-------- Input
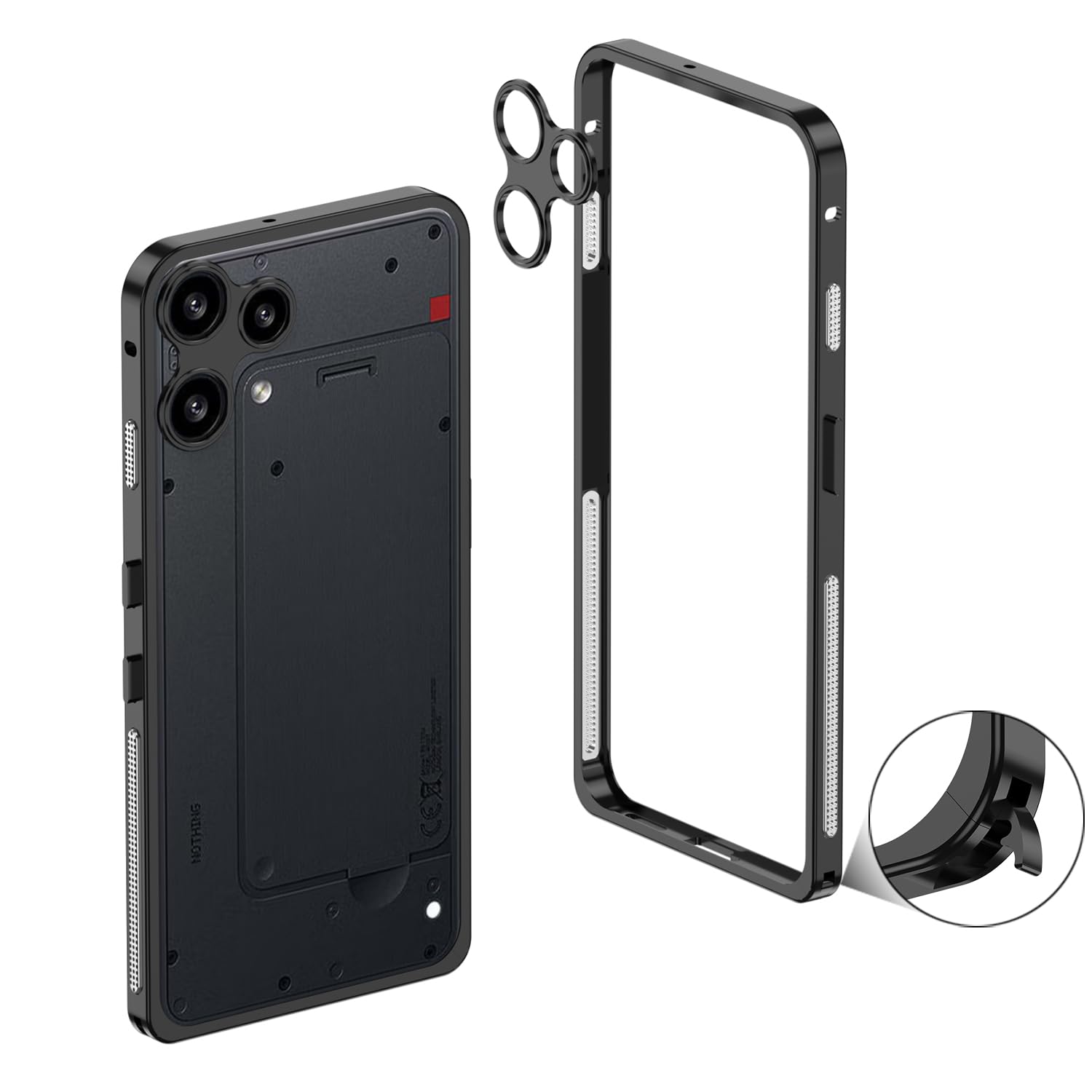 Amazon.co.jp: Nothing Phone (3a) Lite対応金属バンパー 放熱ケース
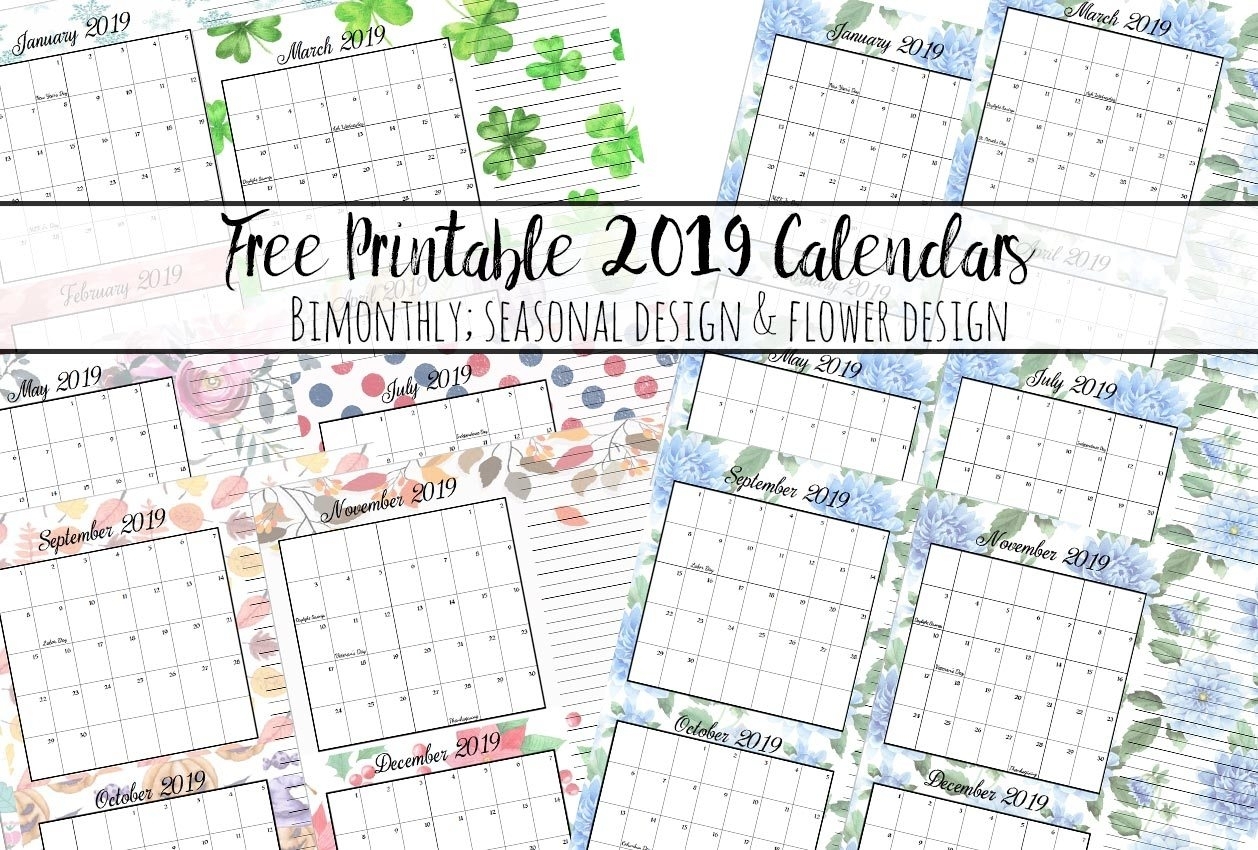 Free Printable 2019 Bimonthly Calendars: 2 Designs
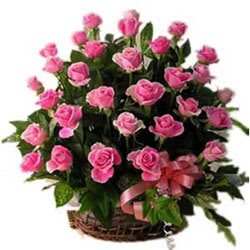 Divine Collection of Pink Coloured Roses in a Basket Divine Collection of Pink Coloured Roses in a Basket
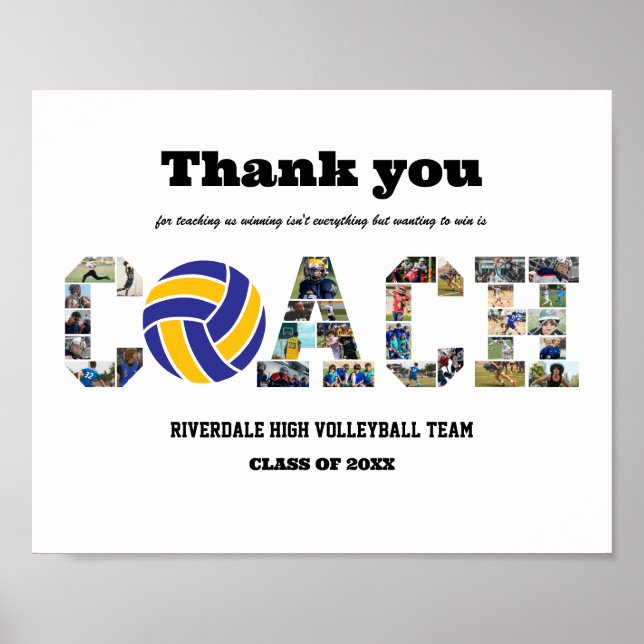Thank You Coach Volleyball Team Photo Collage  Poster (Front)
----------------
-------- Input
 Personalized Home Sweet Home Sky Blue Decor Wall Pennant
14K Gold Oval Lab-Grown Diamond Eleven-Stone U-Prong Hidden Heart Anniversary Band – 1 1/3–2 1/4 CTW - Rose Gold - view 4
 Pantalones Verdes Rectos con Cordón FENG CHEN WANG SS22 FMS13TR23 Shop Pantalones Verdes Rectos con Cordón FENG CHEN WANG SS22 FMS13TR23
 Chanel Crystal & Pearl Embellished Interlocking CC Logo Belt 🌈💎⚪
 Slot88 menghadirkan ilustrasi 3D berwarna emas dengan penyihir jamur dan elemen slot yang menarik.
----------------
> [Required action]: Transcribe the lines above exactly, beginning at the one with "Amazon.co.jp: Nothing Phone" and ending at the one with "Thank You Coach". Include both; exclude the pictures.

> [Exercise solution]:
 Amazon.co.jp: Nothing Phone (3a) Lite対応金属バンパー 放熱ケース
 Free Printable 2019 Bimonthly Calendars: 2 Designs
 Divine Collection of Pink Coloured Roses in a Basket Divine Collection of Pink Coloured Roses in a Basket
Thank You Coach Volleyball Team Photo Collage  Poster (Front)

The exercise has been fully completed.